A little background: we added a third baby to our family in March of 2025, and she’s been an absolute joy. Classic third-child energy: goofy, easygoing, a great sleeper, and generally delighted to just be along for the chaos.

All good, right?

Well, not exactly. In January, my husband took a promotion and moved from shift work into regular 9–5 office hours. Which sounds great on paper. And in many ways, it is. He’s safer. He’s home every night. He’s no longer facing the dangers of his firefighting job, and for that I am deeply grateful.

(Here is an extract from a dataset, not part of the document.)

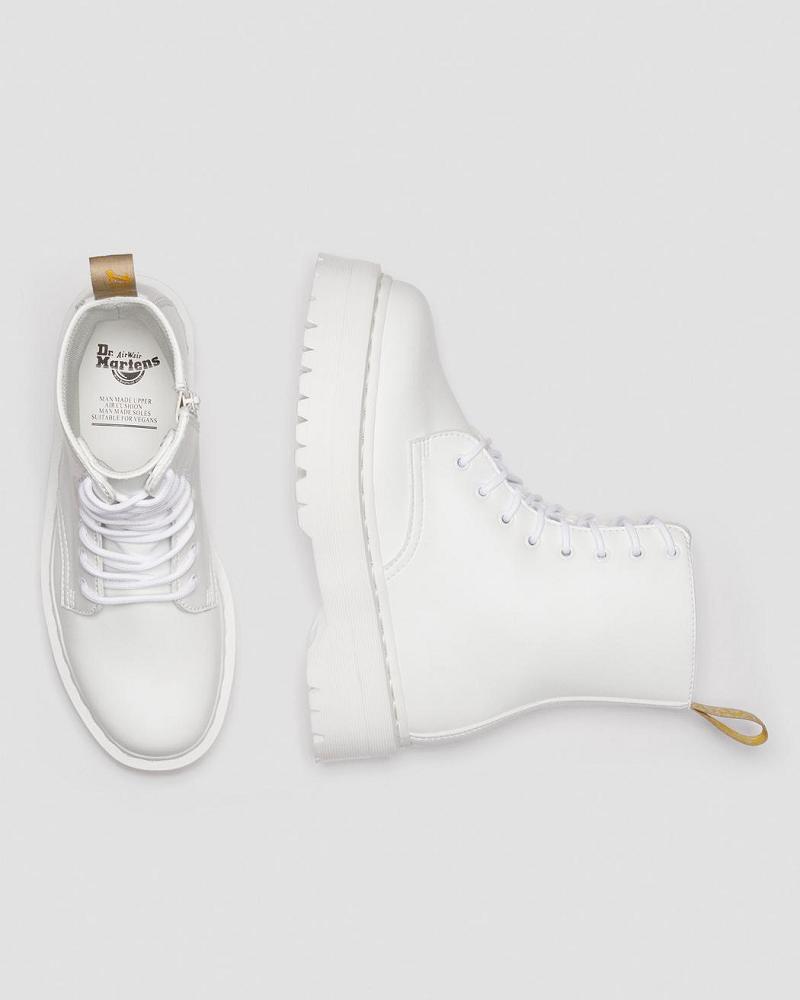 Dr Martens Vegan Jadon II Kemble Mono Platform Støvler Dame Hvide | DK 261SGL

But it’s also meant that I no longer have a co-parent around on random Tuesday mornings or afternoons. So now, every weekday, it’s basically me and the three kids against the world from 6:00am to 5:30pm.

I’m juggling the morning clothing battles, school drop-offs, snacks, meltdowns, forgotten water bottles, after-school chaos… all while trying to get myself to the studio so I can rip off my “trying not to lose my shit mom” hat and throw on my “cool, calm, grounded yoga teacher” hat.

Talk about imposter syndrome.

And listen, I know so many of you incredible moms have been doing this for years. I have so much respect for you, really. How do you do it!? I’m not used to this level of solo parenting! I’m used to having a true 50/50 partner physically in the trenches with me during most days.

And honestly? I’ve been struggling BIG TIME to adjust.

Overwhelm has become the feeling I know best lately.

I get home from school pickup to three lunch kits needing to be unpacked, cleaned, and repacked. A mountain of laundry waiting for me. A dog that still hasn’t been walked. Dinner needing to be prepped. A floor so far beyond needing a vacuum that I honestly start wondering if we should just burn the house down and start fresh. And somehow, I’m expected to tackle all of this with a poopy baby on my hip.

Overwhelm.

It weighs on me with a heaviness that no amount of Warrior 2’s could have prepared me for. And on the good days, I power through. But on the bad days… the hormonal days, the emotionally fried days, the days where one of the kids also decides to absolutely unravel at 4:37pm for reasons nobody will ever fully understand – I crumble. I wallow. I drown. I’m in the deep end, alone with three kids, and the only life preserver I have is a vacuum hose that’s somehow come disconnected from the wall.

I know. It sounds dramatic. Dark, even. But honestly? This is my reality. Not every day. There are lots of good days too. Beautiful days. Joyful days. Days where I laugh until I cry and think, wow, this is the good stuff. But the hard days hit with a heaviness that’s new to me.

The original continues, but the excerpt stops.